Type | Corporation (Aktiengesellschaft) |
---|---|
Industry | Banking Financial services |
Founded | 1854 |
Headquarters | Frankfurt am Main |
Key people | Björn H. Robens, CEO |
Total assets | €18.7 Billion (2009) |
Employees | ca. 2000 (2009) |
Website | www.bhf-bank.com |
BHF-Bank is a German private bank with a high reputation in Germany. It was amongst the leading German investment banks in the 1970s and 1980s, and also held a top position in the foreign exchange market. It is currently owned by Deutsche Bank. The bank also has an international presence, with branches in Luxembourg, Switzerland, the UAE, Egypt and Vietnam.
BHF-Bank was formed on the 1st January 1970 as the Berliner Handels- and Frankfurter Bank from the merger of the Frankfurter Bank (founded in 1854) and the Berliner Handels-Gesellschaft (founded in 1856). It changed its name to BHF-Bank in 1975. Through the 1970s and 1980s it was amongst the three or five leading investment bank in West Germany and also took a top position in the foreign exchange market. The bank also had extensive industrial holdings. Its former senior partner, Hanns Schroeder-Hohenwarth, became the President of the German Banks Association from 1983-1987.
In 1995 the bank went public, changing from a partnership to a corporation.
From 1999 to 2004 it was bought by the dutch ING Group and renamed from 2002 ING BHF-Bank. In the same year it was delisted following the Squeeze out of remain share holders.
In 2004 ING BHF-Bank was split in two, with the larger part comprising the branches and investments being integrated into a newly found BHF-Bank Aktiengesellschaft which was wholly owned by the private bank Sal. Oppenheim.
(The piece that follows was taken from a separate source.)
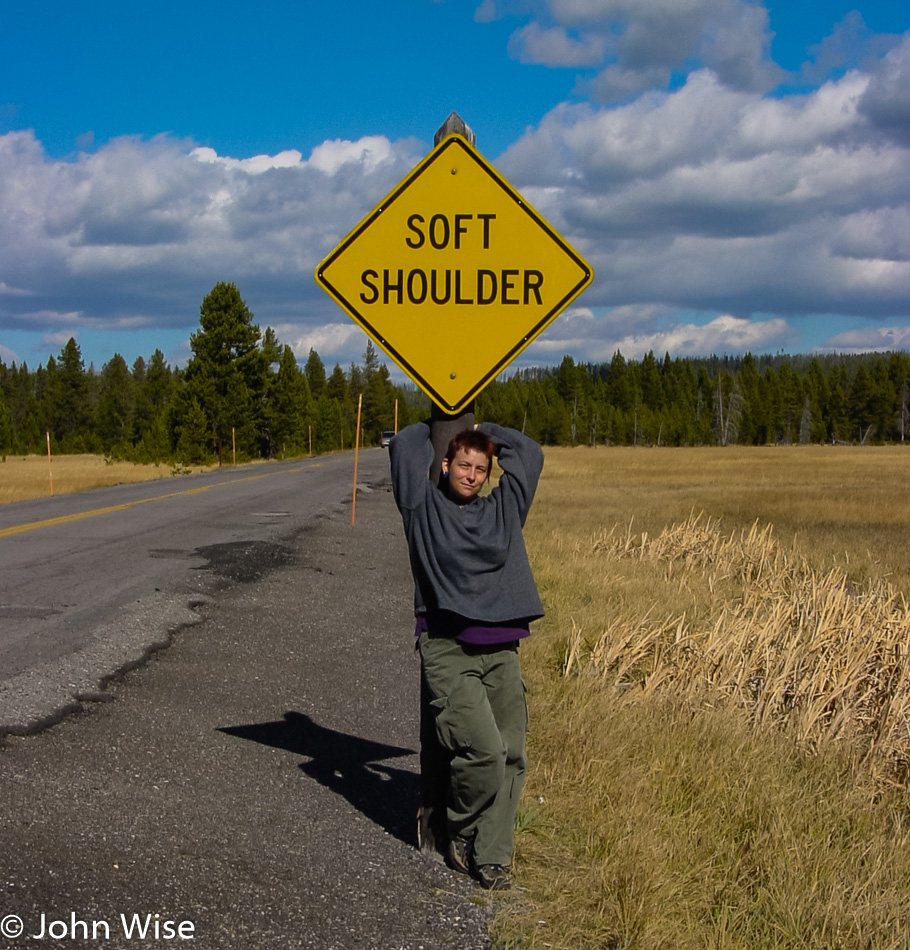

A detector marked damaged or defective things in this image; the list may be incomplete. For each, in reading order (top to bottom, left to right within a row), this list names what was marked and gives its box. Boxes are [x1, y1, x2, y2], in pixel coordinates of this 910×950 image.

patched asphalt [0, 480, 498, 948]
Sal. Oppenheim was itself taken over by Deutsche Bank in 2010. On the 23 December 2010, Deutsche Bank revealed in a press conference that it had agreed in the key point of the sale of BHF-Bank to the Lichtenstein royal family owned LGT Group.[1]
Since 2002, the BHF-Bank Foundation has awarded every two years the €20,000 Brücke Berlin-Preis for central and east European literature and its outstanding translation into German. Additionally, from 2006, the foundation also sponsors the German Conductor Prize (Deutscher Dirigentenpreis) in cooperation with the Deutscher Musikrat (German Music Council, a member of the International Music Council) and German Symphony Orchestra Berlin.